ACTIVITY
For the data below, give again exactly the lines from the one containing "Amended plans of" through the one containing "Tall Farmhouse Corner", both ends included, and no others.

MATERIAL FOR THE TASK

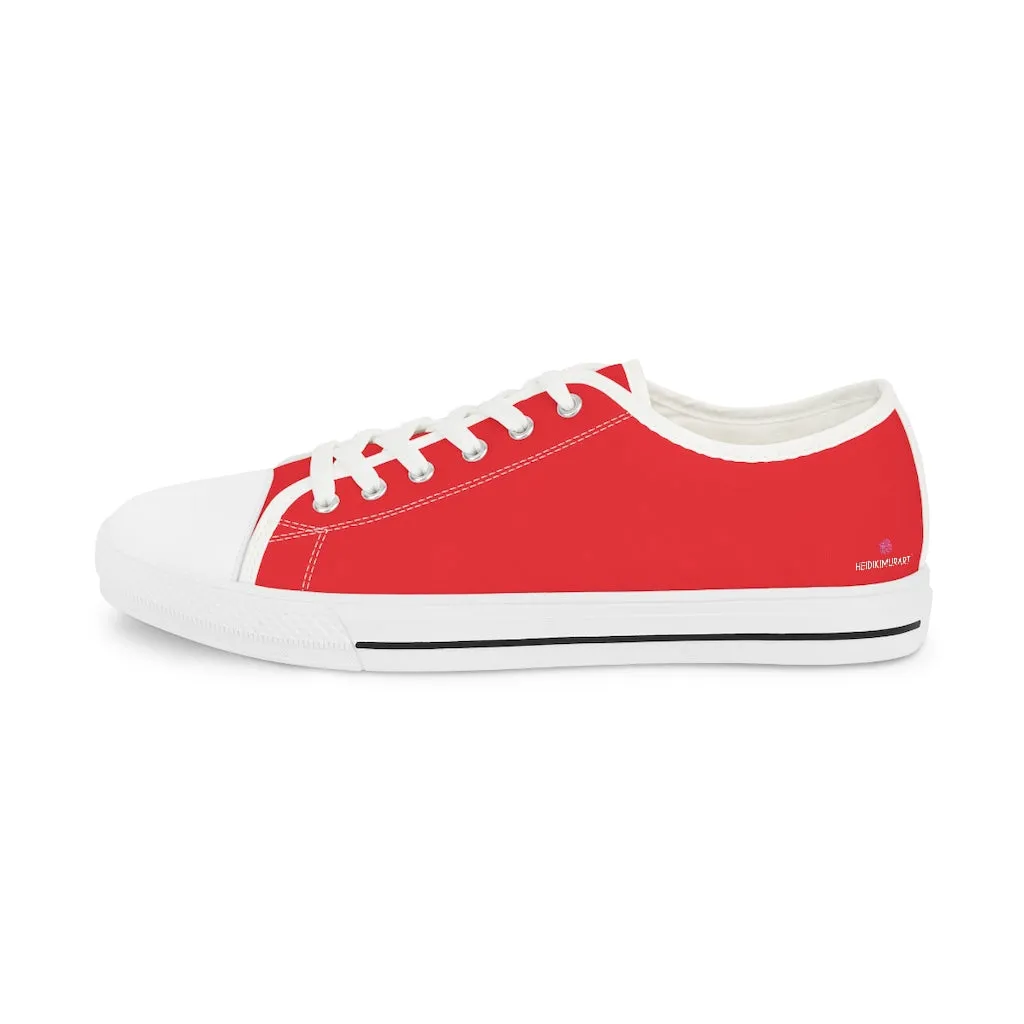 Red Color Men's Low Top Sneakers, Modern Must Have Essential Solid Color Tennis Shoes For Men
--
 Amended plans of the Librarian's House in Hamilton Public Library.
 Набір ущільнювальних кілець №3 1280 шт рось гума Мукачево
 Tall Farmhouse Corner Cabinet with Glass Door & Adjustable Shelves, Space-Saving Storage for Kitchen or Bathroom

THE ANSWER
 Amended plans of the Librarian's House in Hamilton Public Library.
 Набір ущільнювальних кілець №3 1280 шт рось гума Мукачево
 Tall Farmhouse Corner Cabinet with Glass Door & Adjustable Shelves, Space-Saving Storage for Kitchen or Bathroom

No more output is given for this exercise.